**What the exercise asks**
Below are records. Transcribe exactly the lines from the one that contains "100 Days Of" through the last line, leaving any pictures out.

--- Extracted material ---

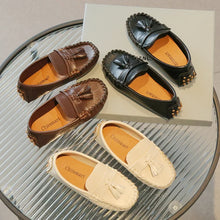 Non-slip Tasseled Casual Leather Shoes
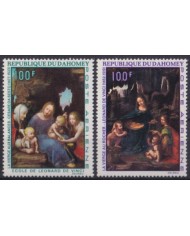 F-EX58640 DAHOMEY MNH 1969 CHRISTMAS ART PAINTING CESARE SESTO LEONARDO VINCI.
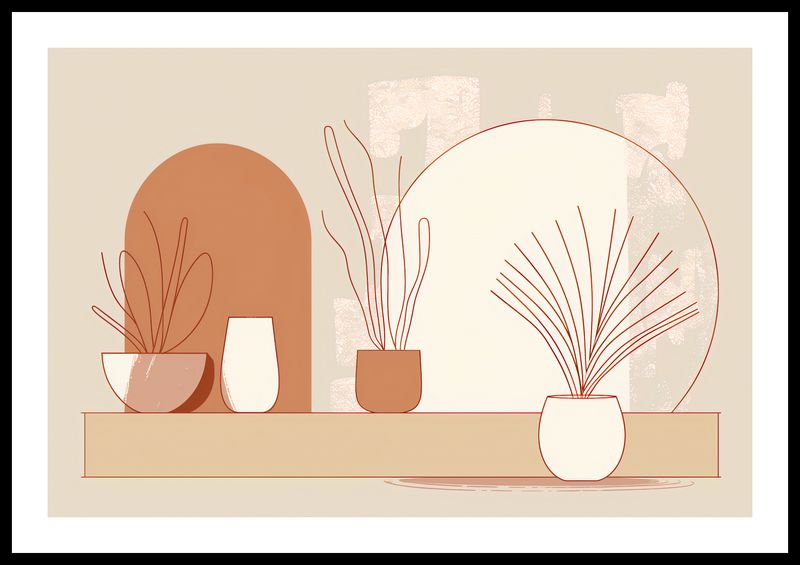 Plakat 60x40cm Widok Roślin zdjęcie 3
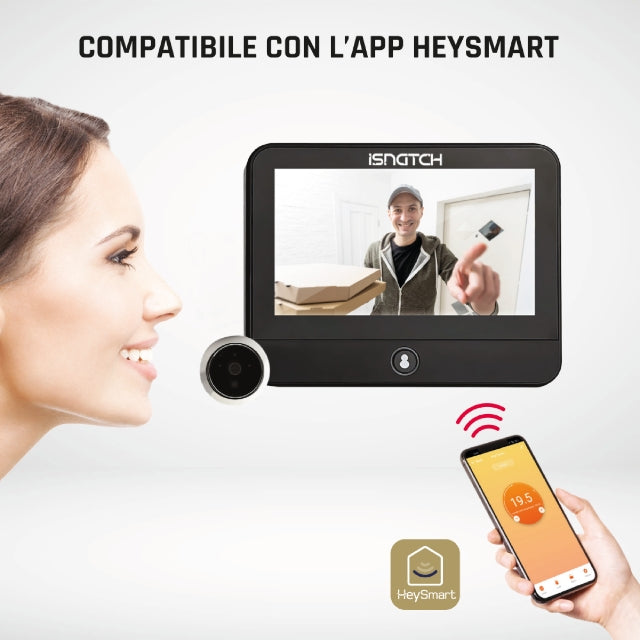 HeyDoor - Spioncino smart wi-fi per porte blindate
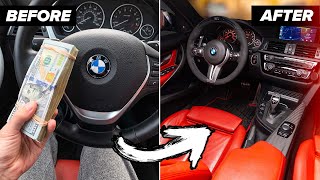 Heres What 5310 in BMW Interior Mods Gets You  F30 INTERIOR TRANSFORMATION [upl. by Tace]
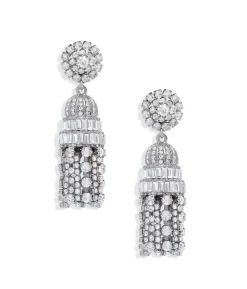 Dynasty Crystal Tassel Earrings
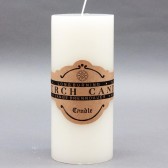 20CM CHURCH CANDLE-BURN TIME 135HRS-CTN12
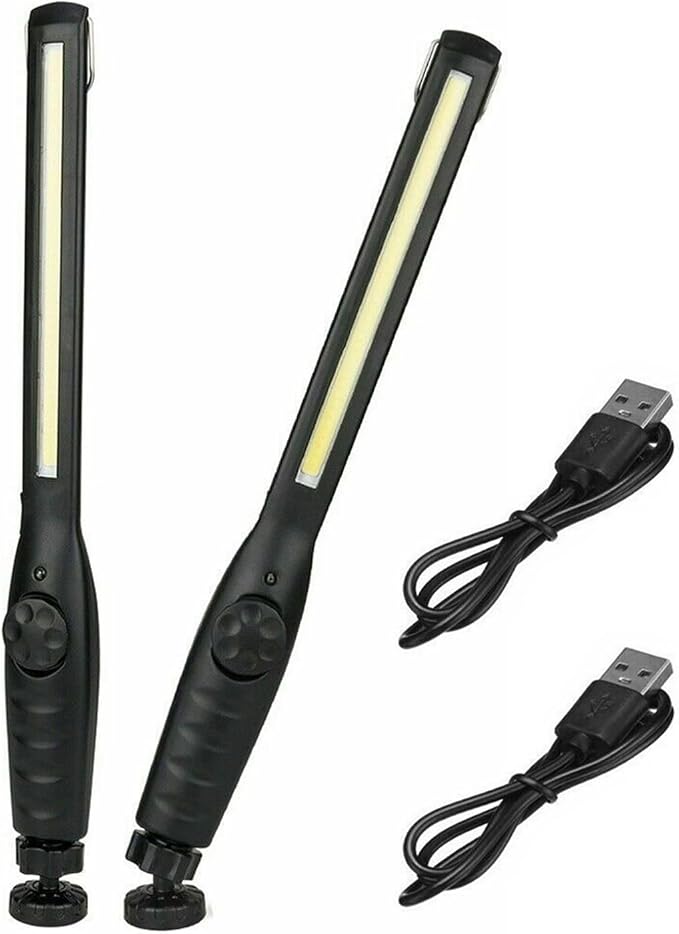 2-teilige Magnetische Led-arbeitsleuchte, Superhelle Wiederaufladbare Taschenlampe Für Garage, Camping, Wandern, Autoreparatur, Notfälle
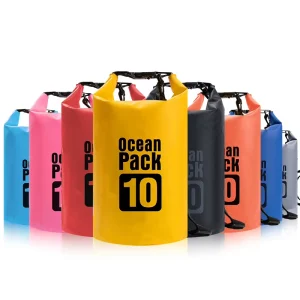 Large Capacity PVC Foldable Side Bag Outdoor Motorcycle Long Distance Riding Waterproof Saddle Bag Back Seat Storage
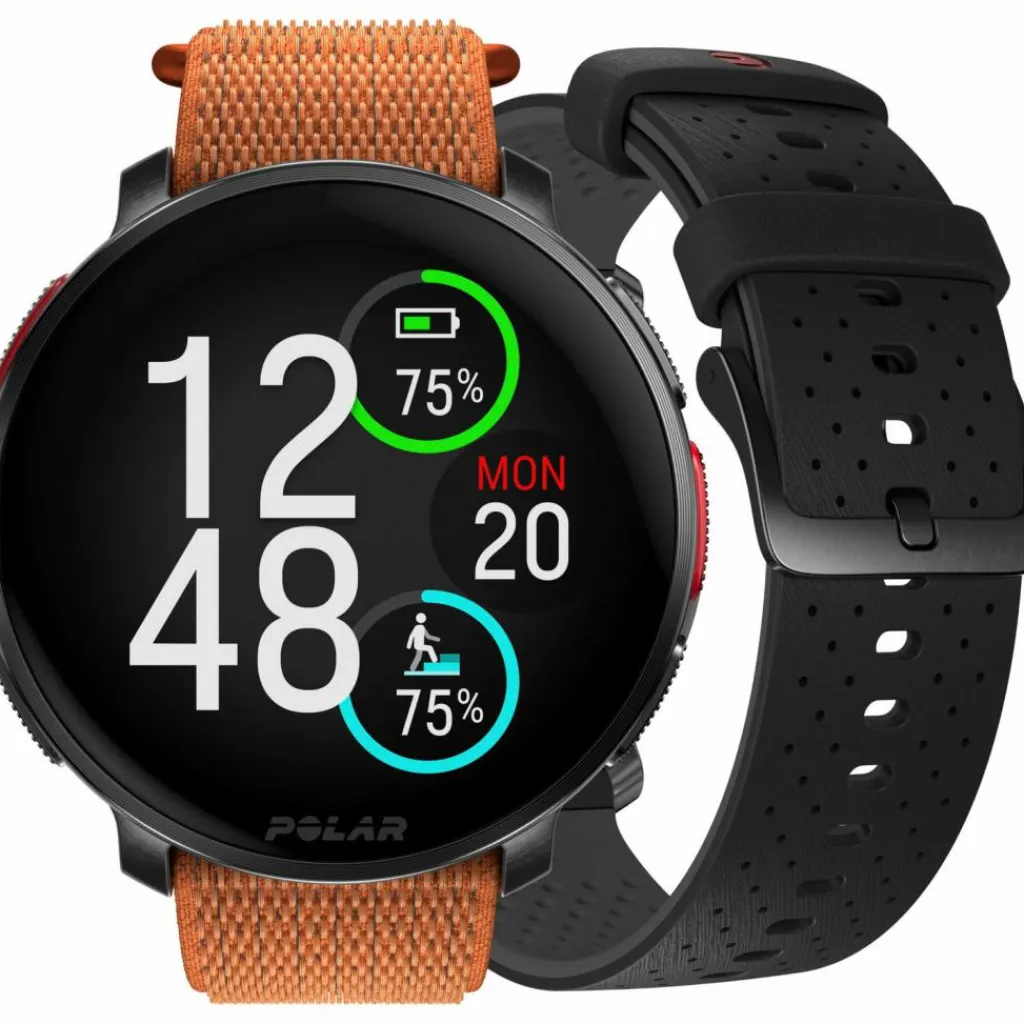 Polar Uhren & Tracker|Uhren & Tracker<· VANTAGE V3 Bundle black-orange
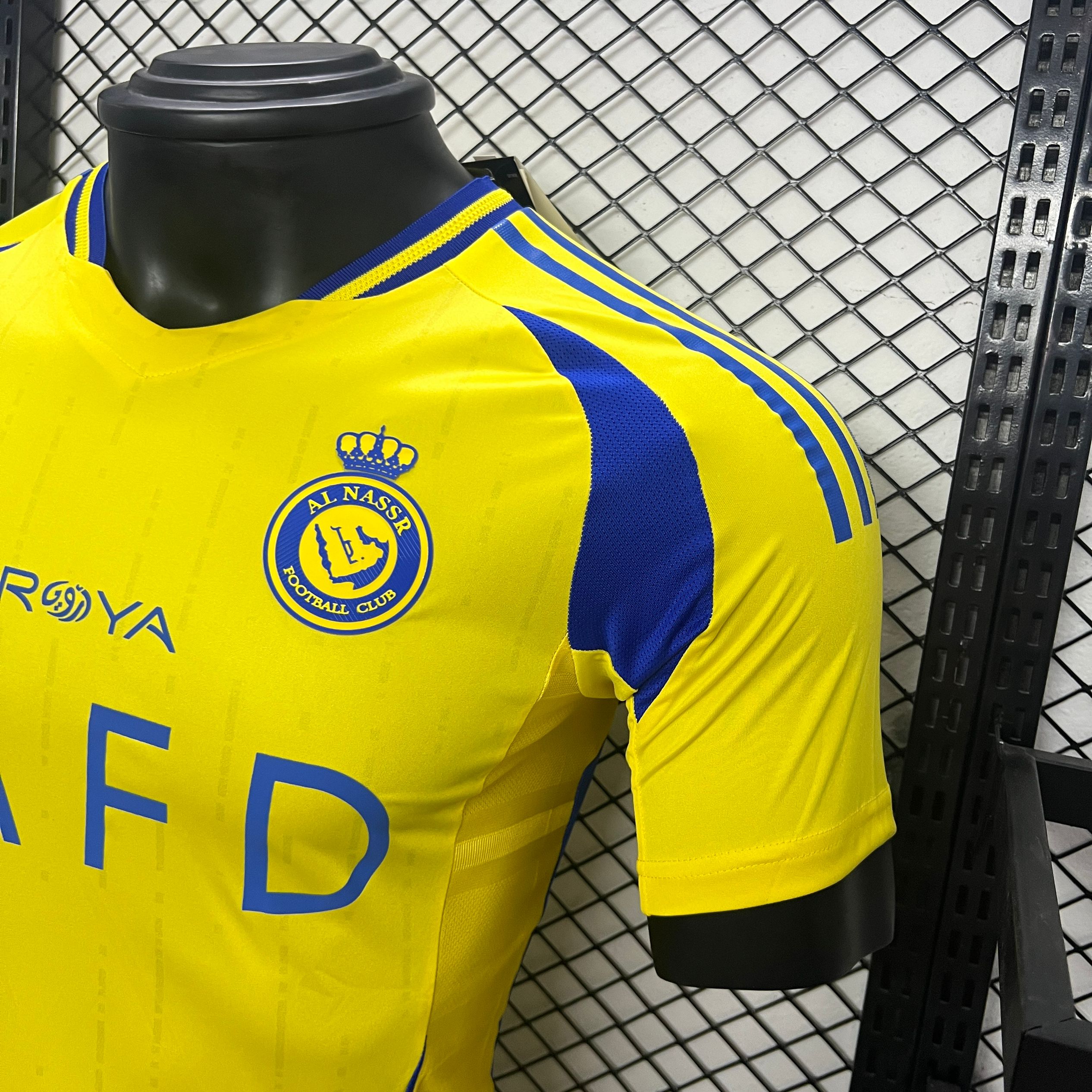 Al Nassr Riyadh Victory 24-25 Home Stadium Jersey - Player Version - UnitedFutballJersey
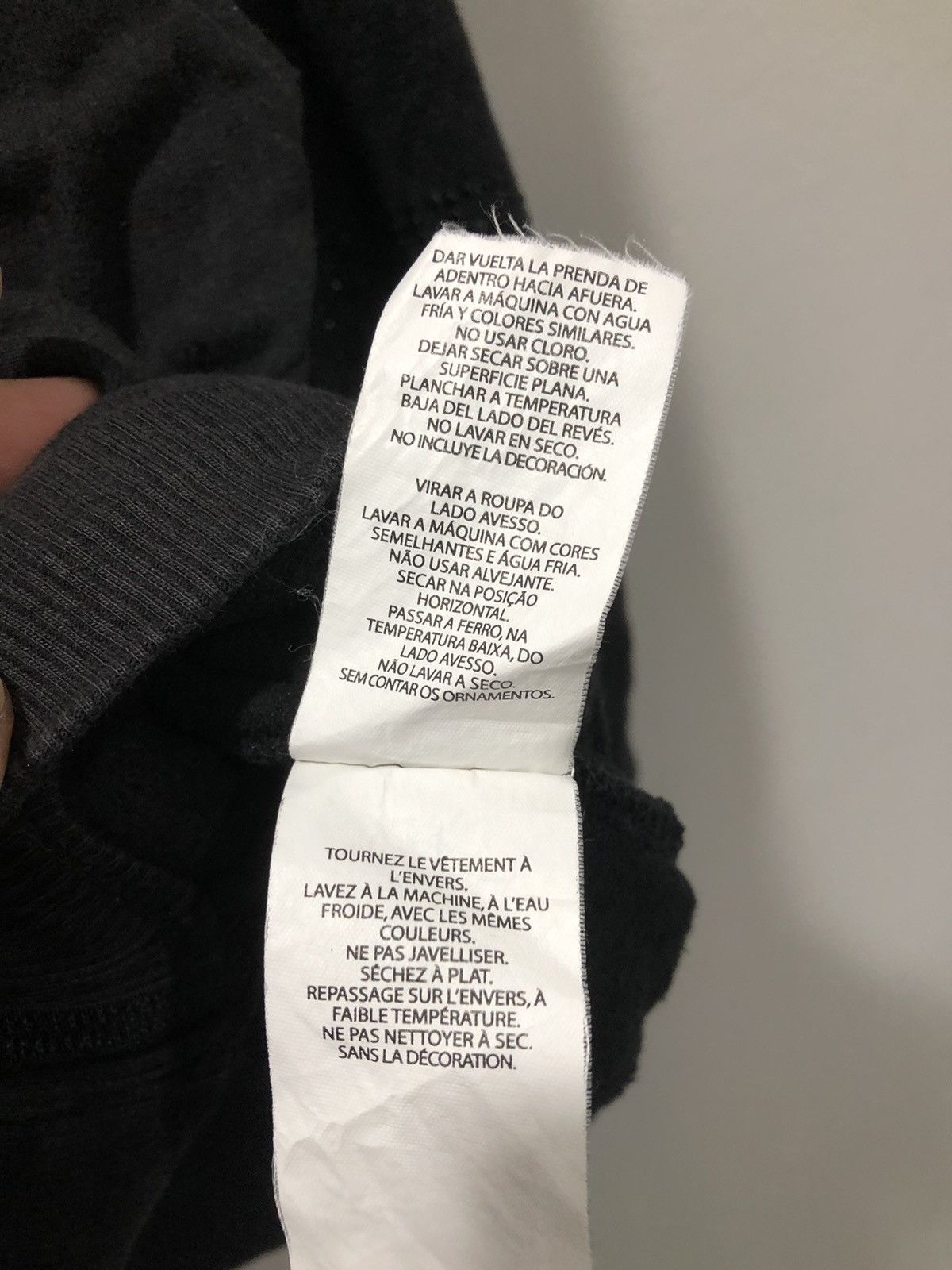 Armani Exchange Armani Exchange Baggy Black Hoodie Size US S / EU 44-46 / 1 - 15 Thumbnail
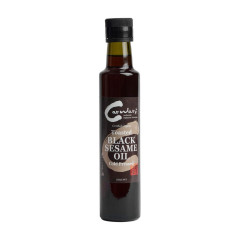 Organic Toasted Black Sesame Oil 250ml by CARWARI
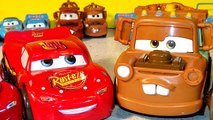 Pixar Cars Lightning McQueen and Mater Smash Up with Remote Controlled and Shake and Go Cars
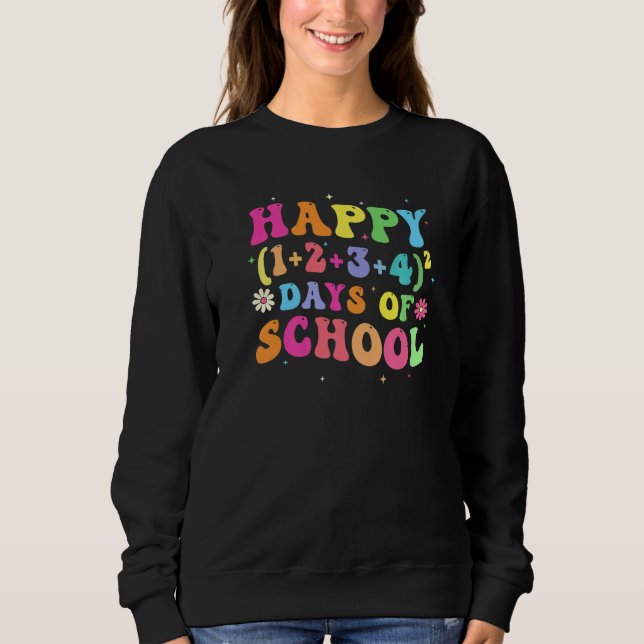 100 Days Of School Shirt Math Equation Middle Scho (Vorderseite)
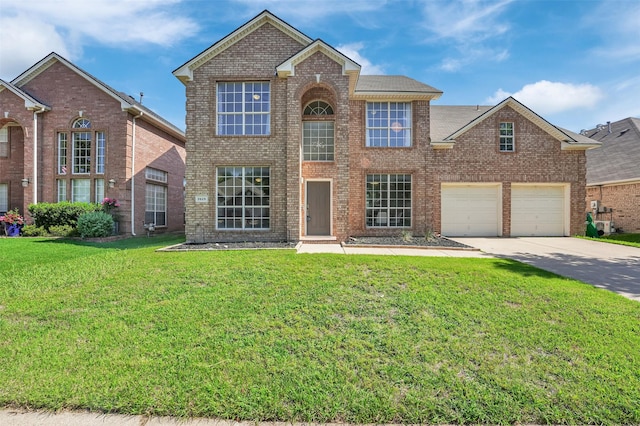 3925 Wisteria Ln, Haltom City, TX 76137 - traditional-style house with driveway, brick siding, and a front yard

---

**Solution to this problem**
 100 Days Of School Shirt Math Equation Middle Scho (Vorderseite)
 3925 Wisteria Ln, Haltom City, TX 76137 - traditional-style house with driveway, brick siding, and a front yard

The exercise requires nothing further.